El recorrido comenzó junto a la ermita de San Mamés. En este punto, una guía explicó a la veintena de visitantes que asistieron al itinerario de las diez de la mañana la importancia no sólo de la cueva, sino también de un entorno natural donde el encinar cantábrico adquiere especial protagonismo. Antes de llegar a la caverna, de las profundidades del bosque irrumpió una especie de troglodita. Algunos de los asistentes se asustaron, pero la mayoría sonrió. Es un 'Homo sapiens' que les da la bienvenida. «Es un actor, pero desde luego parece un personaje salido de la Prehistoria», comentaban.
Tras recorrer las 308 escaleras que conducen a la cueva, la experta mostró los trabajos de investigación del yacimiento. «Se cerró hace dos años porque las visitas eran perjudiciales para la conservación del arte rupestre. El dióxido de carbono emitido por el hombre eleva la temperatura del recinto y eso es perjudicial tanto para la roca como para las pinturas», explicó la guía a los visitantes llegados de diferentes puntos del territorio.
Conservación
Una vez examinado el vestíbulo de la Cueva de Santimamiñe, los 'aprendices' de arqueólogos regresaron a la ermita de San Mamés para recorrer la cavidad de una manera virtual. «El ingenio humano no deja de sorprendernos porque de esta manera es como si estuviésemos en la galería y al mismo tiempo contribuimos a su conservación. No es la misma sensación, pero nos deja contentos», reconoció Txetxu, de Portugalete.

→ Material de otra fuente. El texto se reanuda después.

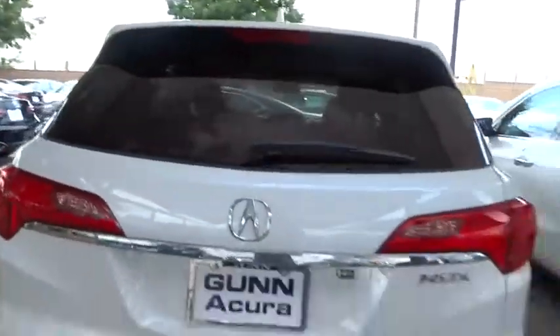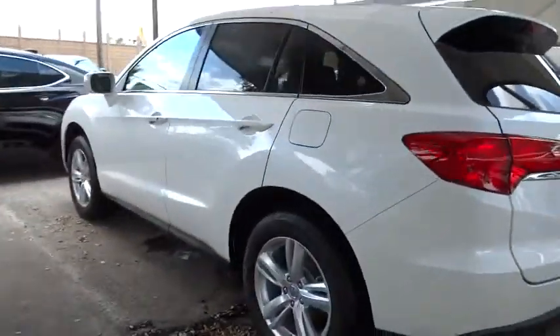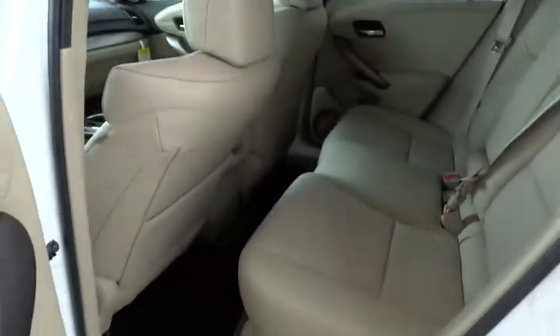Stability control, traction control, navigation system, power passenger seat, anti-lock braking system, power lift gate, steering wheel audio controls, power steering, adjustable steering wheel, driver airbag, cruise control, auto dimming rear view mirror.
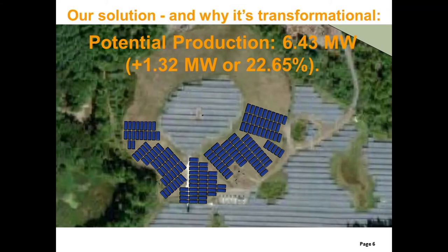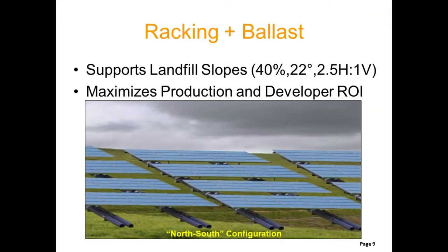This capability increases power production considerably — in this case by over 22%. With this approach, landfills can now be developed to their entirety, which means that both power production and developer ROI is maximized.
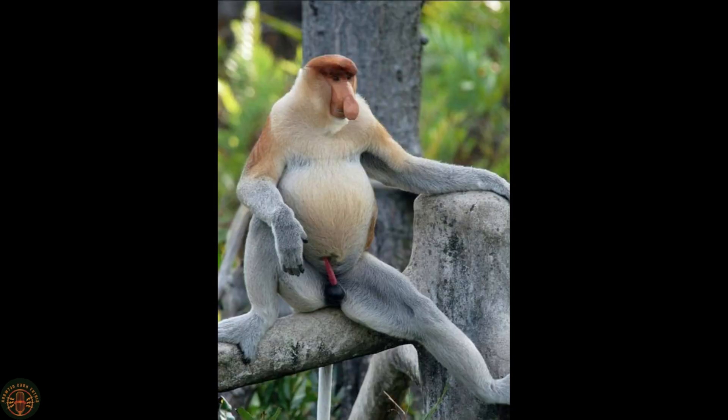Despite what its name may imply, the proboscis monkey is not a type of thinly sliced ham. It is, in fact, a monkey.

Al llegar a la última parte del recorrido virtual todos recordaron la existencia del famoso 'huevo frito', curiosa forma rocosa que en la pantalla estereoscópica se recreaba a la perfección. «A través de la imagen virtual nuestros descendientes podrán contemplar cómo era la cueva. Esperemos que en un futuro puedan disfrutar de lo que yo viví cuando éramos inconscientes del daño que causábamos», reflexionaba un turista. Tras la visita, que apenas duró hora y media, los asistentes se mostraron muy «satisfechos» con la experiencia. «Nunca la he visitado cuando estaba abierta y lo ideal de esta iniciativa es comparar el antes y después», admitió el basauritarra Juan Morillo. La Diputación mantendrá hoy el itinerario gratuito y prevé repetir la experiencia el 17 y 18 de mayo.